I'm 15, so I would appreciate if anyone could help me. Thanks.

 A: Answer:
The first pair could be chosen in ${2n\choose2}$.  Having chosen the first pair, the second pair could be chosen in ${2n-2\choose2}$.  Keeps going until you chose ${2\choose2}$ for the nth pair.  Thus the number of ways you could have pairings is ${2n\choose2}.{2n-2\choose2}.\cdots{2\choose2}$.  This you divide by n! ways to get the total number of ways 2n players could be chosen to play n games to eliminate ordering.

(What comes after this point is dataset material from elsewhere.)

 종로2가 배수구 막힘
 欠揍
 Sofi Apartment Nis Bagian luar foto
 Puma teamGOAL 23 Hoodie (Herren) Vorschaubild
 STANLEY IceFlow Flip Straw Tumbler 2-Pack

Thus the answer after you breakdown each is
$$\dfrac{(2n)!}{2^n. n!}$$
This you could further complicate (just joking) to your answer by splitting the factorials such as below:
$$ \dfrac {2n.(2n-1)!}{2.2^{n-1}.n.(n-1)!}$$ giving your answer
$$ \dfrac {(2n-1)!}{2^{n-1}(n-1)!}$$
A: Denote with $P(n)$ the number of pairing you are looking for. 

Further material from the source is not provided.